--- WORK REQUIRED ---
Within the entries below, please return exactly the lines from the one with "Sainsbury’s reaches 500" through the one with "Used 2013 GMC Terrain SLE FWD image 17", leaving out any pictures.

*** Opening INPUT DATA ***

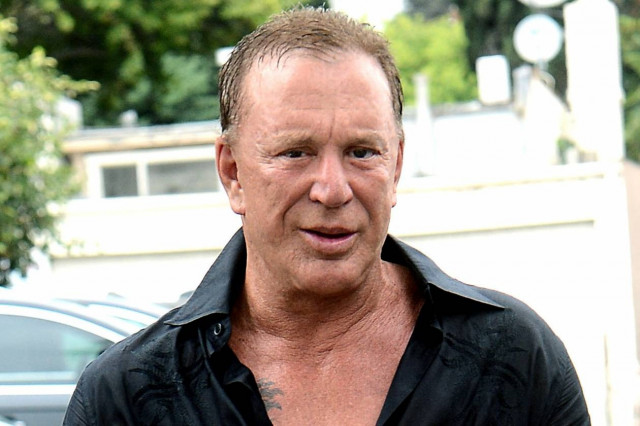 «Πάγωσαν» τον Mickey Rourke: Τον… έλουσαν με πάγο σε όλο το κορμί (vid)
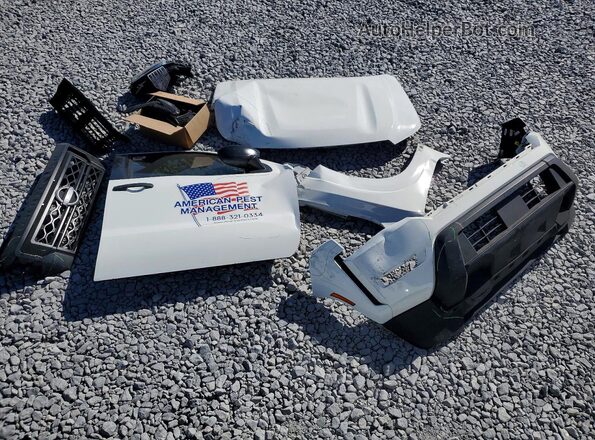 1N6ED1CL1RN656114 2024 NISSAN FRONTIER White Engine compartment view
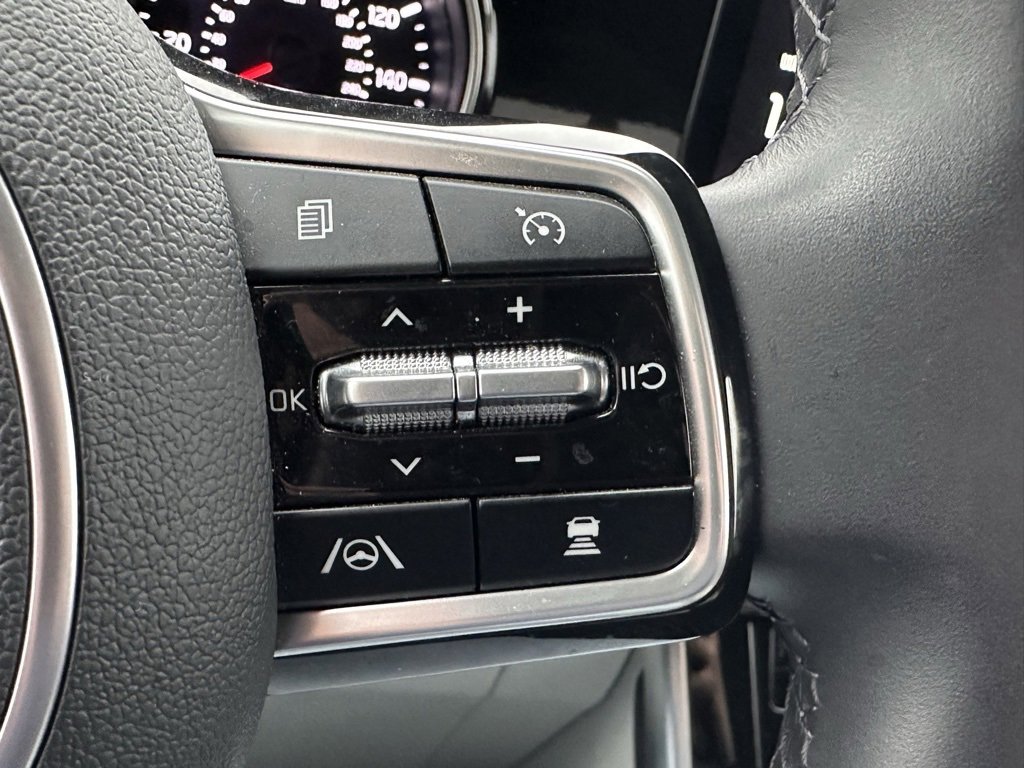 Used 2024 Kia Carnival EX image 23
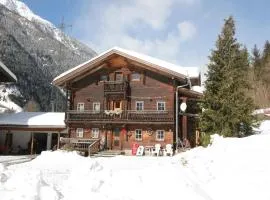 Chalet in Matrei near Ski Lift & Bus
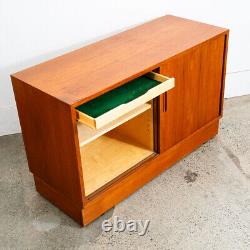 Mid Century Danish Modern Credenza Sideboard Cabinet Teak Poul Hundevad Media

*** Closing INPUT DATA ***
*** Opening INPUT DATA ***

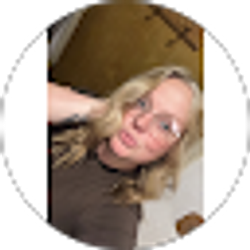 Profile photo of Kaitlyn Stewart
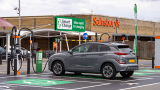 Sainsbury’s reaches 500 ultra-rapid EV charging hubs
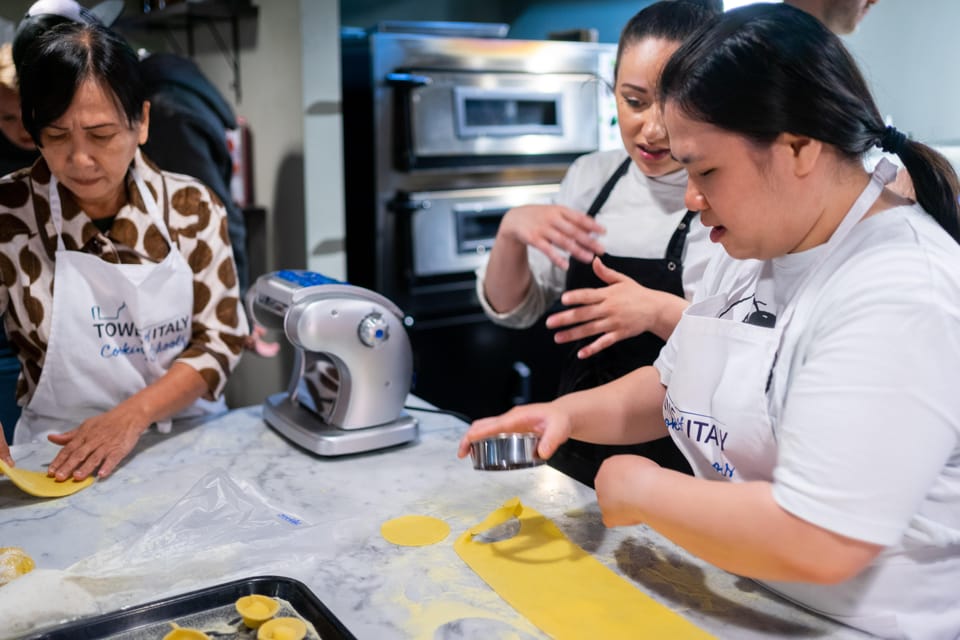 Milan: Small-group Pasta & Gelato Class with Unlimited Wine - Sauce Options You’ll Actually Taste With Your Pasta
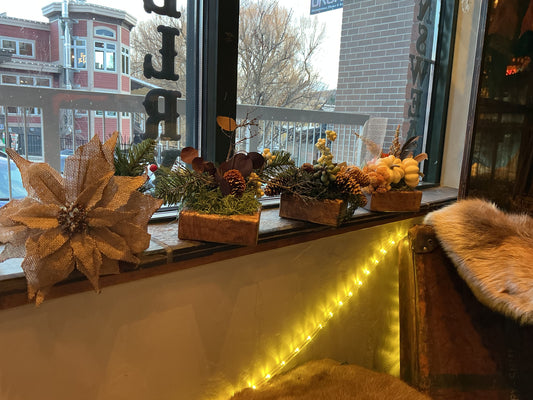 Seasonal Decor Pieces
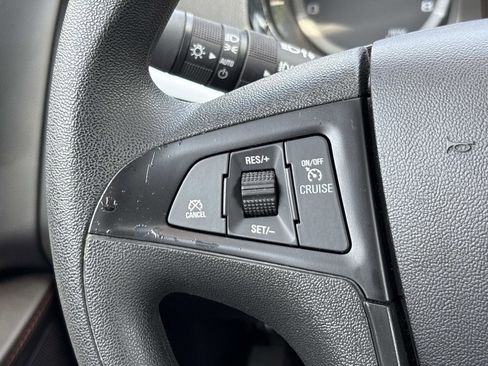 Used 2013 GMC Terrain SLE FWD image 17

*** Closing INPUT DATA ***
*** Opening INPUT DATA ***

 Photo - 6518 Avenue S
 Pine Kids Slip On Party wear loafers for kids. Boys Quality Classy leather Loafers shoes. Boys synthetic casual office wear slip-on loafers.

*** Closing INPUT DATA ***

--- RESPONSE TO THE EXERCISE ---
 Sainsbury’s reaches 500 ultra-rapid EV charging hubs
 Milan: Small-group Pasta & Gelato Class with Unlimited Wine - Sauce Options You’ll Actually Taste With Your Pasta
 Seasonal Decor Pieces
 Used 2013 GMC Terrain SLE FWD image 17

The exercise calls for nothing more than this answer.